What to work on: Which lines in the data below contain the word "para"? Pull each of them out.

Data to process:
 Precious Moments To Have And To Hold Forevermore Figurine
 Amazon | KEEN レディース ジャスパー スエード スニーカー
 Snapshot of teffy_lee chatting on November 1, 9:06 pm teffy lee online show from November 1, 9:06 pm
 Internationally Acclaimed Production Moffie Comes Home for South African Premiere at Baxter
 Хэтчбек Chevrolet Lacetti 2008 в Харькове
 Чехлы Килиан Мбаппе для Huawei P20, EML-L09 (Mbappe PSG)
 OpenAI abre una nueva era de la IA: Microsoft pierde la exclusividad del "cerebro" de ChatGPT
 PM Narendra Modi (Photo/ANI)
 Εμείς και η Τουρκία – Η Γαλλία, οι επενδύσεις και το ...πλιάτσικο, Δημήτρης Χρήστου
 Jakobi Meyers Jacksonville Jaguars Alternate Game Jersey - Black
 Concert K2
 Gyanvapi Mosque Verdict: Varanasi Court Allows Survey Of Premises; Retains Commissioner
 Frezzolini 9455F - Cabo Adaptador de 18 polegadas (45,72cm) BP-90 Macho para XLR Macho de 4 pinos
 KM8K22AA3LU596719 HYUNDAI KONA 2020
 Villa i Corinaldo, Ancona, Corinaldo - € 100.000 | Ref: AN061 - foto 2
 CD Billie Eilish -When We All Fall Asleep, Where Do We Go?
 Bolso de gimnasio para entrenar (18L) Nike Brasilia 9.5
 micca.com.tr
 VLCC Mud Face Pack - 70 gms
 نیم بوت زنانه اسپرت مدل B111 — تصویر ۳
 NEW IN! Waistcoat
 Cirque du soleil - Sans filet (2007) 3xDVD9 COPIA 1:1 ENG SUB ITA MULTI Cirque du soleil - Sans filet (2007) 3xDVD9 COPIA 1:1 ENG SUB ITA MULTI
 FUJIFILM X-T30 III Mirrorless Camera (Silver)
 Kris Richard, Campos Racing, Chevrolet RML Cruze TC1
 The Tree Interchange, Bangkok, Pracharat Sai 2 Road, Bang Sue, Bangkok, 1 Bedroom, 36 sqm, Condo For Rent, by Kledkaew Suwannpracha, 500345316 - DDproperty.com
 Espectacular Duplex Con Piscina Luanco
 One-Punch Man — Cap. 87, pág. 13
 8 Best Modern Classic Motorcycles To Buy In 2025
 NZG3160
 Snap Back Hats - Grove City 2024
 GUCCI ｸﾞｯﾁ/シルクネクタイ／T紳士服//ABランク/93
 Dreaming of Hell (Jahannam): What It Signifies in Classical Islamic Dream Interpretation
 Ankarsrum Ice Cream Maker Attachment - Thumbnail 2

Reply to the task:
 Frezzolini 9455F - Cabo Adaptador de 18 polegadas (45,72cm) BP-90 Macho para XLR Macho de 4 pinos
 Bolso de gimnasio para entrenar (18L) Nike Brasilia 9.5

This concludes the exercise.